■ ACTION ITEM ■
Beginning with the line that contains "#88 Untangling: Crypto" in the material below, print each line exactly until the line that contains "微信世界杯赌球小程序引关注,赛事相关风险管控受关注" has been printed, then stop.

■ SUPPLIED MATERIAL ■

################

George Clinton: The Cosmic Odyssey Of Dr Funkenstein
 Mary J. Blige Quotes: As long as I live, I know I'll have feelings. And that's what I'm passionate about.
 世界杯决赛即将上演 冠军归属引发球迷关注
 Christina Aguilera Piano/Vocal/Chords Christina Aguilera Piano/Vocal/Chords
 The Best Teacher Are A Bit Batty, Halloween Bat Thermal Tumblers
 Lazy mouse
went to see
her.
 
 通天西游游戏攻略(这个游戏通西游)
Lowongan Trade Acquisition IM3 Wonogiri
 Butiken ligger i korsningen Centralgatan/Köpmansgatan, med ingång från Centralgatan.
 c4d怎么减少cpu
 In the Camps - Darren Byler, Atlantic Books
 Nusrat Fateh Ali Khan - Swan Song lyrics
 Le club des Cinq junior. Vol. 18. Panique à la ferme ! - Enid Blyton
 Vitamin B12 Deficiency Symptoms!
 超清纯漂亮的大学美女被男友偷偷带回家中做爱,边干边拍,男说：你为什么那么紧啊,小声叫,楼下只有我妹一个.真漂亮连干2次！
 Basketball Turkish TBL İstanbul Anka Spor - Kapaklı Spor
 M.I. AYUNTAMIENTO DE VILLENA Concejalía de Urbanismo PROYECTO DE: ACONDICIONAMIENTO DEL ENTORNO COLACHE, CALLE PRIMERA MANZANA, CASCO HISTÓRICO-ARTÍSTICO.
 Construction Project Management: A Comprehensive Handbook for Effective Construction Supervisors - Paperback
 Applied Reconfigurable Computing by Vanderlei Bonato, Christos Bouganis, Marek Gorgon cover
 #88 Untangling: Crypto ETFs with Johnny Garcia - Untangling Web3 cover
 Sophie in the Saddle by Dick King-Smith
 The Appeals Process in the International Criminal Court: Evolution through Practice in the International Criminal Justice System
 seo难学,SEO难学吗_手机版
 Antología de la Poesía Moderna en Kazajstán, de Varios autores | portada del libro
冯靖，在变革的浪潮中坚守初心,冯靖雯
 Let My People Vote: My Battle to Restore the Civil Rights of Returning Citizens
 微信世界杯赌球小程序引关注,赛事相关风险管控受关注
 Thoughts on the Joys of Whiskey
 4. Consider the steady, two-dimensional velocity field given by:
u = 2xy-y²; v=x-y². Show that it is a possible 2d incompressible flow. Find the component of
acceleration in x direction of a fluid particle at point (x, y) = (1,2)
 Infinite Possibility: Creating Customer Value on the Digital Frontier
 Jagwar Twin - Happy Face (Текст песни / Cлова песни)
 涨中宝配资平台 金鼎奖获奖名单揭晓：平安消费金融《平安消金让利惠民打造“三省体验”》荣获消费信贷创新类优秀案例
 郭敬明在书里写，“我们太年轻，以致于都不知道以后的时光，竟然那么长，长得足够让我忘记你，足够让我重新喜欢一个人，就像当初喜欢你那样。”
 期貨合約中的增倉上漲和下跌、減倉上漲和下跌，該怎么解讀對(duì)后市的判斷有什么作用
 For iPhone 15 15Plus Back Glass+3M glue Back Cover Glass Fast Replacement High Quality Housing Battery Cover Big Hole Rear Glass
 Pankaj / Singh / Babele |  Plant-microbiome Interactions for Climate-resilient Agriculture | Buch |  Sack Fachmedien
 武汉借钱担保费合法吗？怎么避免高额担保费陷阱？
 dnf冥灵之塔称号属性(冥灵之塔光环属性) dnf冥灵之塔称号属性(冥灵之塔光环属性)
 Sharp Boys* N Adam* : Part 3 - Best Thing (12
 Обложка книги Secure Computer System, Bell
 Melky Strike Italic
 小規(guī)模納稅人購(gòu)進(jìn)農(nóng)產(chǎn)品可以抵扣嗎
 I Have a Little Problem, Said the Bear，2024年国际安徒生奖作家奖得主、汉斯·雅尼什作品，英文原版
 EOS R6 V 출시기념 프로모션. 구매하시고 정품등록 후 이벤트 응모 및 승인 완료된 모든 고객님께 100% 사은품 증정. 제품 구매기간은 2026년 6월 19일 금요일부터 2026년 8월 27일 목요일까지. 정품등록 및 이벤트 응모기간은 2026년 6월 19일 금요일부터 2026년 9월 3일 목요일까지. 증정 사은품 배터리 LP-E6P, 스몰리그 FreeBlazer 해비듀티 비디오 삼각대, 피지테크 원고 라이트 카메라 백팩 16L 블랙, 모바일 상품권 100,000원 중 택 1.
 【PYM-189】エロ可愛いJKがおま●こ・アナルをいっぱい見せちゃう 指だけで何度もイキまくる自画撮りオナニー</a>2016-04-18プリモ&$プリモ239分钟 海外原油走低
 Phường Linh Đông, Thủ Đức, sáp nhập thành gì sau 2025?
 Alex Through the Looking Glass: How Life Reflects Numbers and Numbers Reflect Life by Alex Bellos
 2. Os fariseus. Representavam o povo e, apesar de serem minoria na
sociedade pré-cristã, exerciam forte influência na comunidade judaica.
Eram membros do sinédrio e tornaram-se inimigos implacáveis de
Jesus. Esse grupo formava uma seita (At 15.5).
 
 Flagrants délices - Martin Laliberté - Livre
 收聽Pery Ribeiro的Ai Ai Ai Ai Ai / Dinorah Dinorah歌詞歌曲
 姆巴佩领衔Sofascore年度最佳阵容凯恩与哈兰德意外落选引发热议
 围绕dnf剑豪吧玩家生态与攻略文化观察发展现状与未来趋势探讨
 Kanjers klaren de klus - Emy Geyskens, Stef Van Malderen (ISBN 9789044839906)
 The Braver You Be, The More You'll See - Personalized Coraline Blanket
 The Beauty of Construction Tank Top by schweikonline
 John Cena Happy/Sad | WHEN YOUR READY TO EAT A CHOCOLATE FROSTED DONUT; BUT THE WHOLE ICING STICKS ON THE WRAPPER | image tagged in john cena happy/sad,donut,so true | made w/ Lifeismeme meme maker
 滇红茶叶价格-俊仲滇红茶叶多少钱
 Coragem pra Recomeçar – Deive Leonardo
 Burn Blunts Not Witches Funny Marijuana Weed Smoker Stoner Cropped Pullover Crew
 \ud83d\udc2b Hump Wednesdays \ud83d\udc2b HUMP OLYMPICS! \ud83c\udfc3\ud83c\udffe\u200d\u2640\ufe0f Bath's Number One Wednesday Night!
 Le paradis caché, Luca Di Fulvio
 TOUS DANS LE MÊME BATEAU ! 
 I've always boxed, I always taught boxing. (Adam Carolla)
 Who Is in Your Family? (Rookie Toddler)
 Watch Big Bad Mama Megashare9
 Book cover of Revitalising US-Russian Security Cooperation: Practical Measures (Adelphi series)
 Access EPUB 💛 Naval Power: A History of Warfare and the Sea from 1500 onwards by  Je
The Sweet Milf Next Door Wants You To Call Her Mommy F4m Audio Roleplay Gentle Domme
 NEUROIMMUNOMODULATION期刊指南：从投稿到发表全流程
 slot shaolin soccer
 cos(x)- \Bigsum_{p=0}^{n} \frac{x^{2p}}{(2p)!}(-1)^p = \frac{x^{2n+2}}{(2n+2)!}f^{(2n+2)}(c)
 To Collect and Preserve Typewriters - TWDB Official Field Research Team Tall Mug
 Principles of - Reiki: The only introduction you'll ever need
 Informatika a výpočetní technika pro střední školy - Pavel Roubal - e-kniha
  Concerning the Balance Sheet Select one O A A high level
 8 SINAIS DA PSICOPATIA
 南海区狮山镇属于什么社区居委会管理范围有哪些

################

■ TASK RESPONSE ■
 #88 Untangling: Crypto ETFs with Johnny Garcia - Untangling Web3 cover
 Sophie in the Saddle by Dick King-Smith
 The Appeals Process in the International Criminal Court: Evolution through Practice in the International Criminal Justice System
 seo难学,SEO难学吗_手机版
 Antología de la Poesía Moderna en Kazajstán, de Varios autores | portada del libro
冯靖，在变革的浪潮中坚守初心,冯靖雯
 Let My People Vote: My Battle to Restore the Civil Rights of Returning Citizens
 微信世界杯赌球小程序引关注,赛事相关风险管控受关注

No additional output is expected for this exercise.